Simultaneously, to prevent ‘bad’ or error-laden data from entering the infrastructure, EDFacts has installed different ‘hard bordering’ mechanisms (EDFacts, n.d., Maximizing EDFacts data quality: 4). These include different stages of automated (technical) and human error management process to ensure submitted data are aligned to a (constantly growing) number of standards and business rules. Error reports are created on the basis of these business rules, which then automatically prevent incorrect data from entering the next stage of the infrastructure. Errors may include format and validation errors, submission errors, or match errors, but this also applies to data which are inconsistently reported, unreported or misreported (EDFacts, n.d., Maximizing EDFacts data quality: 4). In the case of errors, SEAs are required to correct, comment on or explain data anomalies via the Data Management System (DMS), with the DMS intended to function as a real-time online communication tool between state and federal EDFacts professionals (U.S. Department of Education, 2016). Taken collectively, these processes reflect the clear presence of ‘aesthetic practices’ (Ratner and Ruppert, 2019), whereby data are purged of ‘inconsistencies, differences and uncertainties’ (2). While this might be interpreted as expressing at least some concern for overall accuracy, we would contest that the objective ‘truth’ of the data – that is, its alignment with the schools and schooling practices they seek to represent – is perhaps less significant to these shadow professionals than ensuring the data they handle comport with the rules and uses of EDFacts. In other words, the data fidelity that matters most is to the EDFacts business rules, rather than focusing on whether the data meaningfully depict the ‘reality’ facing teachers and students, nor (for that matter) whether these data are even useful to teaching and learning.

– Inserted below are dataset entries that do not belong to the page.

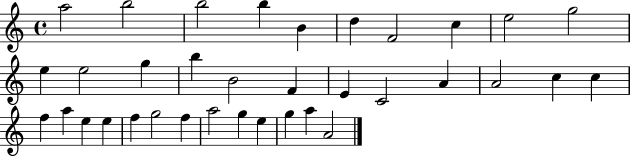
X:1
T:Untitled
M:4/4
L:1/4
K:C
a2 b2 b2 b B d F2 c e2 g2 e e2 g b B2 F E C2 A A2 c c f a e e f g2 f a2 g e g a A2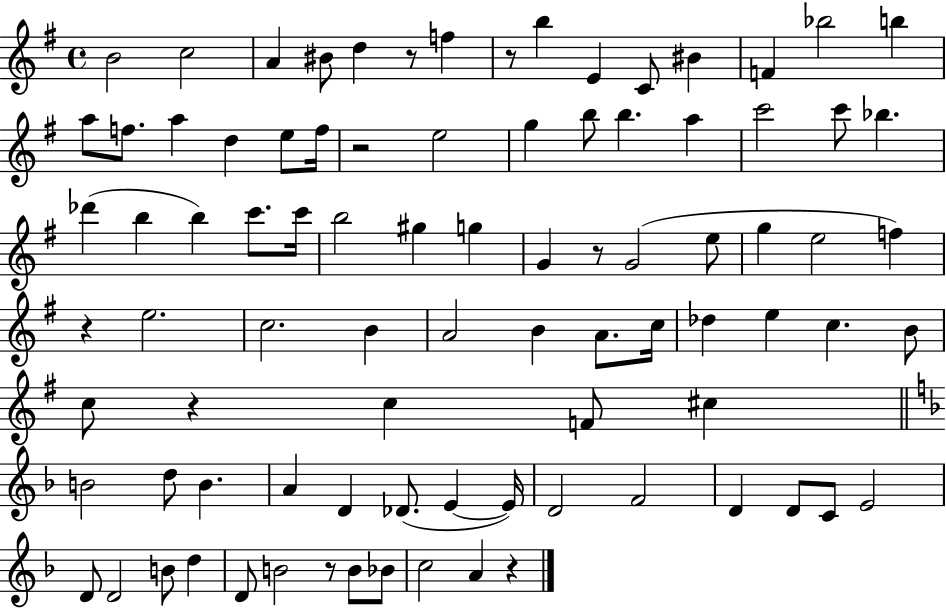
B4/h C5/h A4/q BIS4/e D5/q R/e F5/q R/e B5/q E4/q C4/e BIS4/q F4/q Bb5/h B5/q A5/e F5/e. A5/q D5/q E5/e F5/s R/h E5/h G5/q B5/e B5/q. A5/q C6/h C6/e Bb5/q. Db6/q B5/q B5/q C6/e. C6/s B5/h G#5/q G5/q G4/q R/e G4/h E5/e G5/q E5/h F5/q R/q E5/h. C5/h. B4/q A4/h B4/q A4/e. C5/s Db5/q E5/q C5/q. B4/e C5/e R/q C5/q F4/e C#5/q B4/h D5/e B4/q. A4/q D4/q Db4/e. E4/q E4/s D4/h F4/h D4/q D4/e C4/e E4/h D4/e D4/h B4/e D5/q D4/e B4/h R/e B4/e Bb4/e C5/h A4/q R/q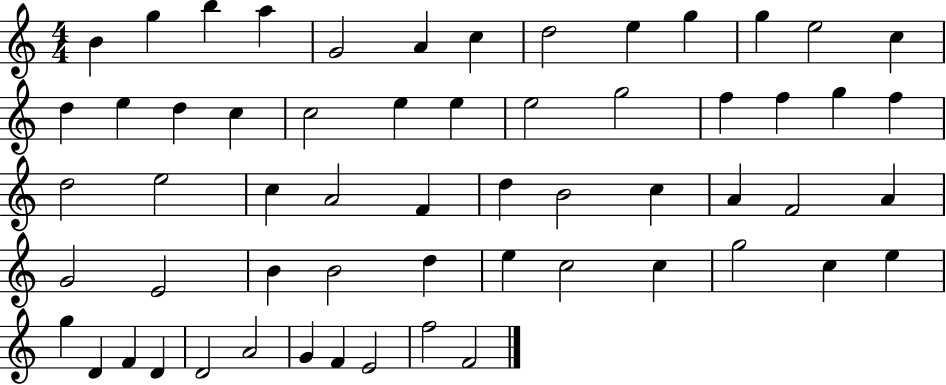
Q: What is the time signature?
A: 4/4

Finally, we cannot over-emphasise just how extensive the process of datafication is within EDFacts. Indeed, there is literally no data activity in EDFacts that is not documented or reported in some way. EDFacts hereby reflects how the attention of all participating actors is increasingly shifted towards generating data about data. This not only includes the state data submission plans, but also the enormous tracking lists that document the actions taken by the various state and the federal departments (and their EDFacts-related actors). These notionally inform the ongoing ‘data quality strategy cycles’ (EDFacts, n.d., Maximizing EDFacts data quality: 5), each of which is (again) followed by new regulations, standards and business rules. In sum, these second-order activities constantly (re)enact the flow-ability of data (i.e. topological continuities), while simultaneously supplementing these data with further (documentary or regulation) data; seemingly, data beget more data, ad infinitum. Non-aligned or ‘cracked’ spots (i.e. topological discontinuities) in the infrastructure are thus not only continuously identified, but they are also ‘fixed’ by adding further regulations, with these activities subsequently fed-back into EDFacts. At the same time, each regulation, once created, cannot be undone but only further updated and refined within the infrastructure. Put differently, even though the infrastructure is constantly changing, or ‘deforming’ in topological parlance (as it acquires ever-more data, new business rules, new standards etc.), the function of the infrastructure remains constant; that is, as a repository of data, and a means of knowing the various systems that contribute to holding EDFacts together. Topologically speaking, these constant shifts in form (i.e. deformations) do not change the function of the infrastructure, but suggest how mutable topological spaces and relations challenge the more traditional territorial spaces of school education agencies, schooling districts and classrooms (i.e. people and places).